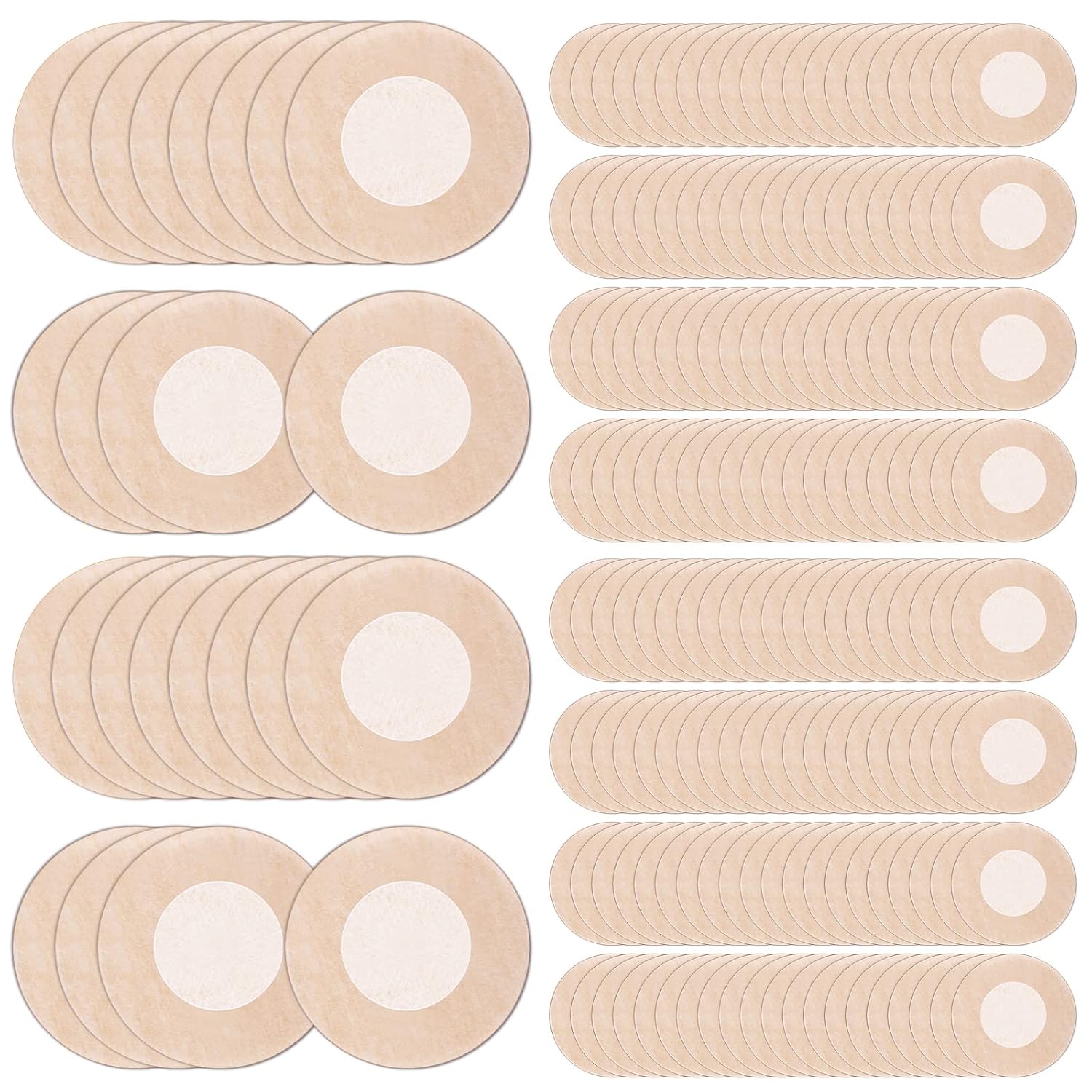 Handepo Disposable Non-Adhesive Nipple Covers
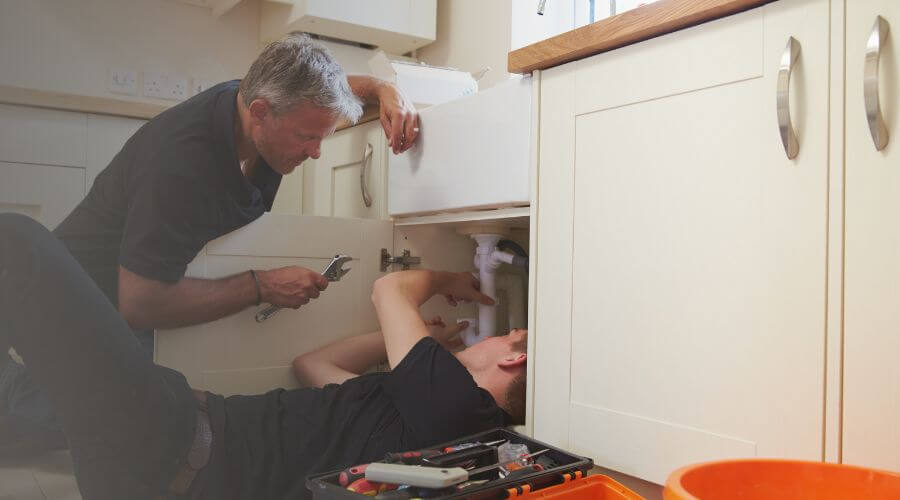 Local tankless water heater installation in Hood, VA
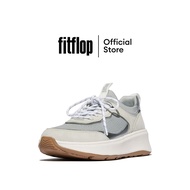 FITFLOP F-MODE SUEDE/KNIT SNEAKERS รองเท้าผ้าใบผู้หญิง รุ่น IV1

* * * * *

◆ Task statement:
Each line from the line containing "Local tankless water" through the last line above must be written out exactly, and every picture must be omitted.

◆ Problem solution:
 Local tankless water heater installation in Hood, VA
 FITFLOP F-MODE SUEDE/KNIT SNEAKERS รองเท้าผ้าใบผู้หญิง รุ่น IV1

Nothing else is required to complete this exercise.